Anyhow, your basic thinking is correct - "sus" means to replace a chord tone with some other note, "add" means add it. But you on;y need to use "add" for notes that can't easily be specified through simpler means. For instance, we don't write Cadd7, but rather C7. We don't write Cadd7add9; we write C9. We don't write C9addb13; we write C7b13.

The first number after the root (and possibly an indication for "major" or minor") says, "stack thirds up this high". Anything else just gets tacked on after that.

C6 is a weird and actually quite unfortunate case. Logically it shouldn't be there.

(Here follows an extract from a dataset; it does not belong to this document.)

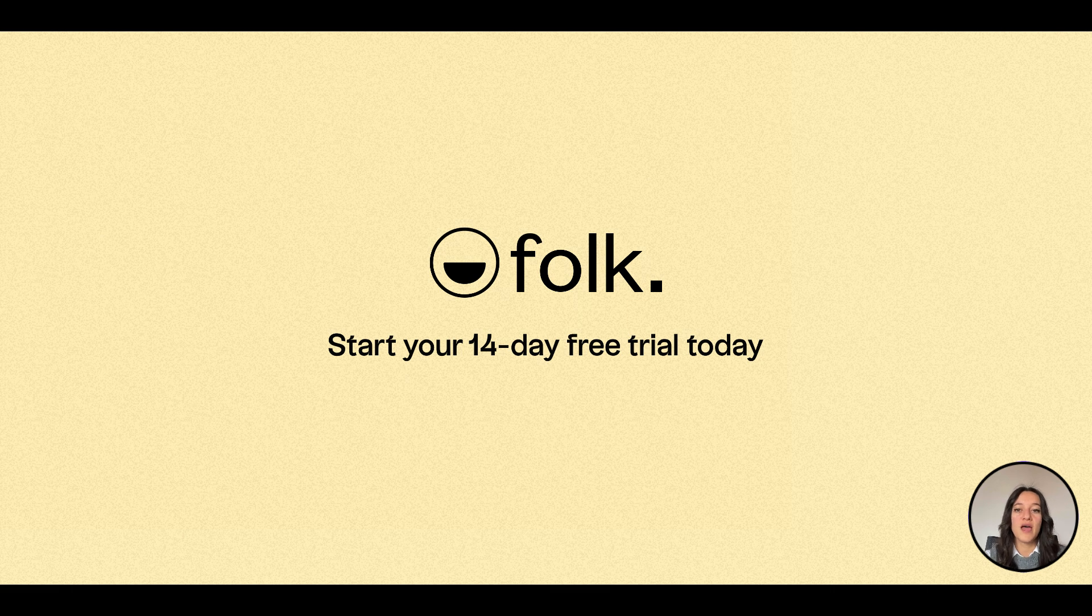Once your contacts are organized in Folk, we will help you save time on your sales research. Find out how in our next video.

For one thing, the "6" is also Roman-numeral-speak for first inversion, so it's unnecessarily ambiguous to have the same number mean something totally different for chord symbols. But I didn't get to make the rules. Even aside from the inversion confusion, you can't "stack thirds up to the sixth", because you'll never actually hit the 6. I guess one could reverse engineer the rule to be, "stack thirds up to some point here or as close to hear as you can get, then add the number specified if necessary". So, C7 is "stack up to the 7" and done. C6 is "stack up to the 5, then add the 6".

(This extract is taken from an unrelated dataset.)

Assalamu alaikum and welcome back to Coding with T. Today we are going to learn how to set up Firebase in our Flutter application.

C2 then, shouldn't exist - or rather, it should literally just be C & D. But realistically, you see quite often, to mean the same as Cadd2. To me "add2" is about the only really legit use case for "add".

You'll also see Csus2, which technically might mean, use 2 instead of 3. Probably half the people writing that symbol actually mean Cadd2 though.

So, the one detail I think you have wrong - I don't think any published music would ever intend C6 to mean to play A instead of G. I've never heard of anyone suggesting such a thing. C6 is always C-E-G-A.

In reply to by Marc Sabatella

Somewhere in a book I have seen labelled guitar fretboard diagrams that lead me to this point. This may be because a guitarist has only four fingers (and a thumb) and given the construction and tuning, the fingering options are actually more difficult if not improbable. But the chord is still labelled a "6."

In reply to by ramblinj

Yes, C6 on the guitar is quite difficult to play if you include the 5th and 6th, especially in certain voicings. While it may not be theoretically correct, from a practical standpoint there is little difference between Am7 and C6, other than what note is in the bass, so generally either playing a C triad, or an Am7 would work in those cases.

In reply to by ramblinj

Yes, the guitarist has 4 fingers but there is also a barre option :)
Although there are other shapes, the easiest shape for the C6 chord is to barre the bottom 4 strings in the 5th position with the forefinger (index finger). //second notation on the screenshot.
This chord shape is also known as the m7 pattern.

A more advanced version of this can be accomplished by including the upper strings in play. //first notation in the screenshot.